Exercise
From the listing below, set down exactly the lines between the one holding "Apartament Cezar" and the one holding "お湯っ娘PLUS soapland service parlor NONNO", inclusive. No other line is wanted.

Supplied data

········

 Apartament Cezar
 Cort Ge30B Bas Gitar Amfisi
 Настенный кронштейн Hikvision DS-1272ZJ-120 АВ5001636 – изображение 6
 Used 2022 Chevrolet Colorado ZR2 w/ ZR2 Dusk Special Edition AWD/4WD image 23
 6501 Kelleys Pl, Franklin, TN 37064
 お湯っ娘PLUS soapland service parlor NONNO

········

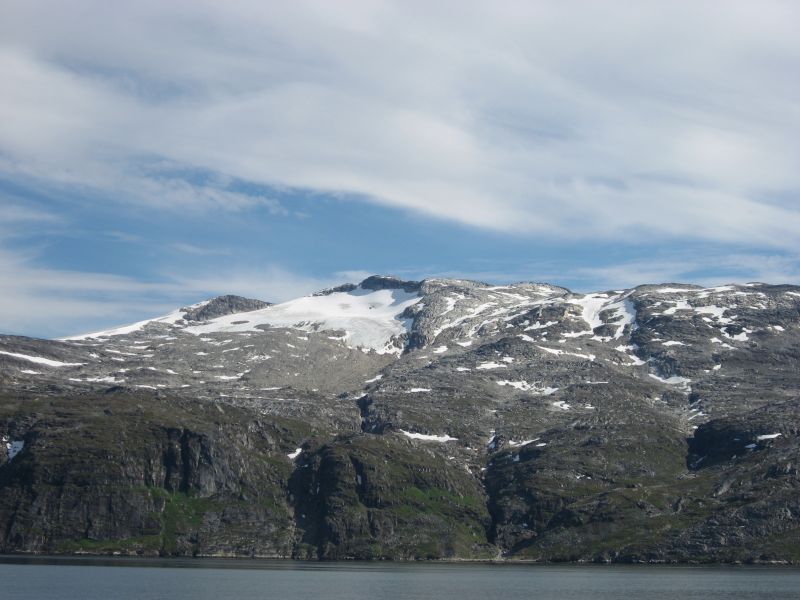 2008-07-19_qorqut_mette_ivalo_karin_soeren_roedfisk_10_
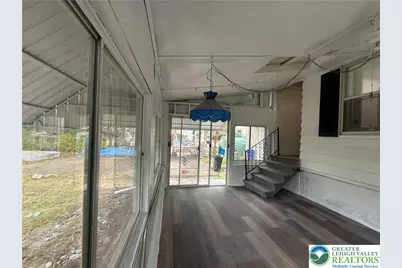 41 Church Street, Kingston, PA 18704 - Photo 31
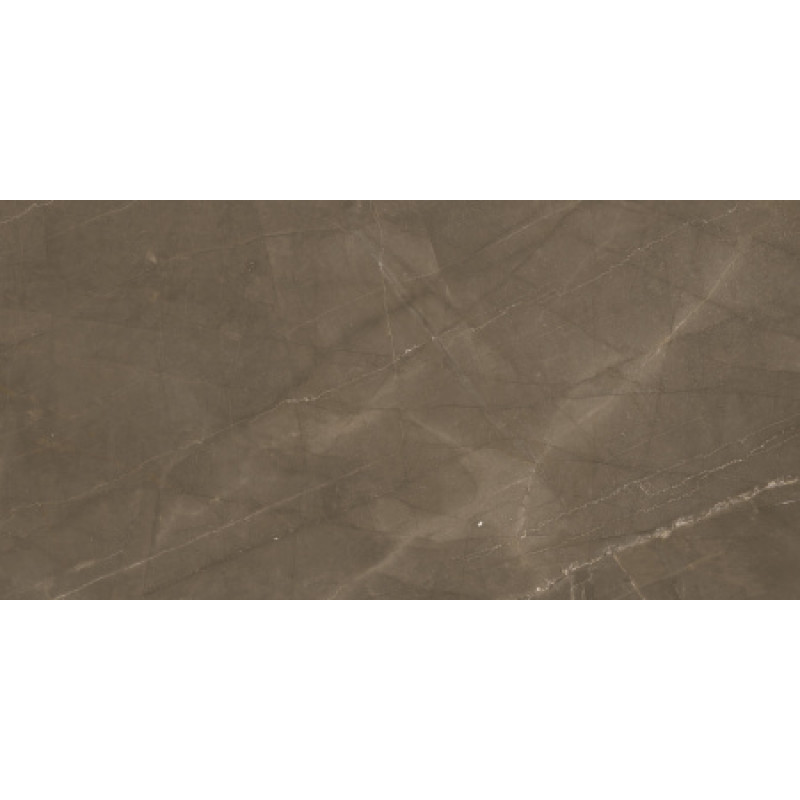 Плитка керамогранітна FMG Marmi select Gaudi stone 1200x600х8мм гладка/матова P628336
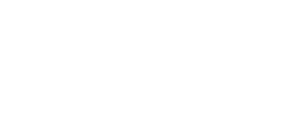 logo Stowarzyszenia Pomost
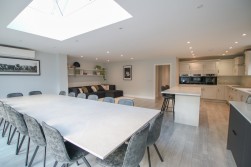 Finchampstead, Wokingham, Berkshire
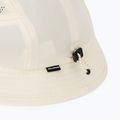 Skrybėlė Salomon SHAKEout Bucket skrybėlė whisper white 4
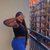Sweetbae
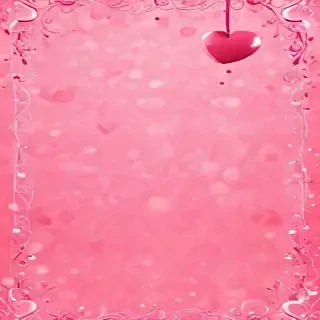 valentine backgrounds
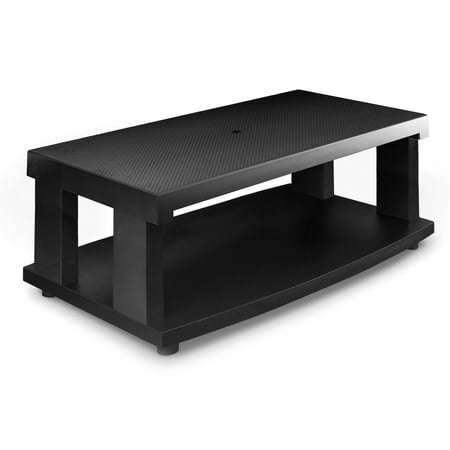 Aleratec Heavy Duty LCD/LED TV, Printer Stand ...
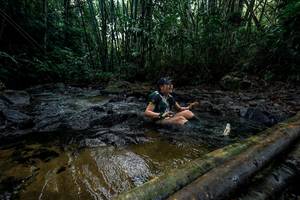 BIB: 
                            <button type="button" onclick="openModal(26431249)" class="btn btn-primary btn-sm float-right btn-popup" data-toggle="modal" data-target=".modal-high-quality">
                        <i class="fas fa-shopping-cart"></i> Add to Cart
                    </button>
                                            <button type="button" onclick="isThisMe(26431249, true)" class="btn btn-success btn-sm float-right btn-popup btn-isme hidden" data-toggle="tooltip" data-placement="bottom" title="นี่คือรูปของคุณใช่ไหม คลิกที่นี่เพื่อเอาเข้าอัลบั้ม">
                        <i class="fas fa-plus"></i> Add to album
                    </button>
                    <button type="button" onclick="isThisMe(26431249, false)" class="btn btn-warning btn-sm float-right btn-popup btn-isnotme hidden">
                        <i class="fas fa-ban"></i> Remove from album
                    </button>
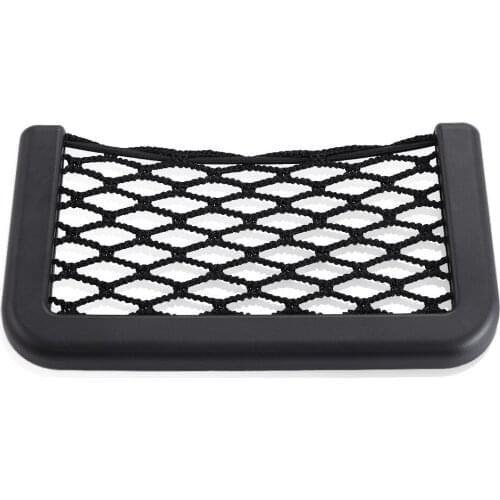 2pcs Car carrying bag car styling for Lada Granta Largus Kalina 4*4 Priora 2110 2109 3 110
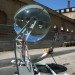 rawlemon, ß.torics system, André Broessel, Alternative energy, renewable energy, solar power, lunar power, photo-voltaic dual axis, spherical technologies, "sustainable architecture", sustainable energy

········

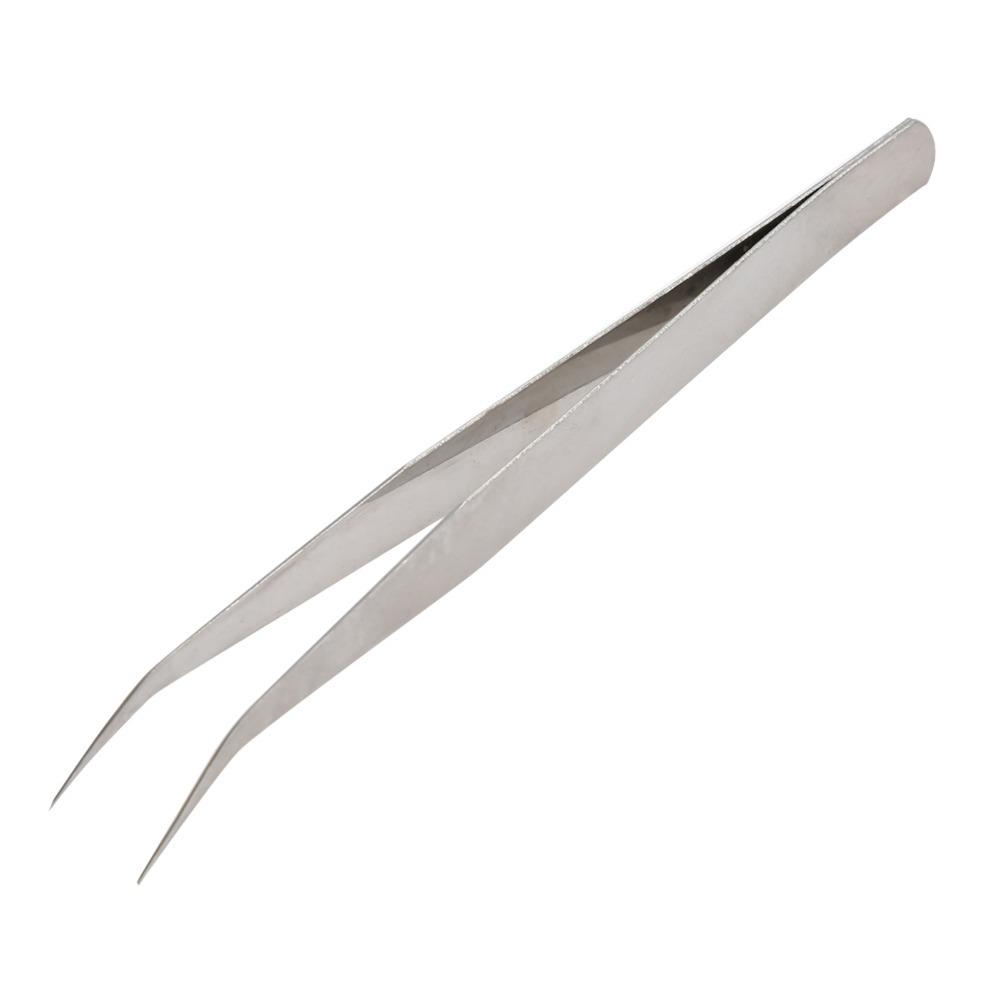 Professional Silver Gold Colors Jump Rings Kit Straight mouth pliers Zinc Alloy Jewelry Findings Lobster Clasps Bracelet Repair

········

Result
 Apartament Cezar
 Cort Ge30B Bas Gitar Amfisi
 Настенный кронштейн Hikvision DS-1272ZJ-120 АВ5001636 – изображение 6
 Used 2022 Chevrolet Colorado ZR2 w/ ZR2 Dusk Special Edition AWD/4WD image 23
 6501 Kelleys Pl, Franklin, TN 37064
 お湯っ娘PLUS soapland service parlor NONNO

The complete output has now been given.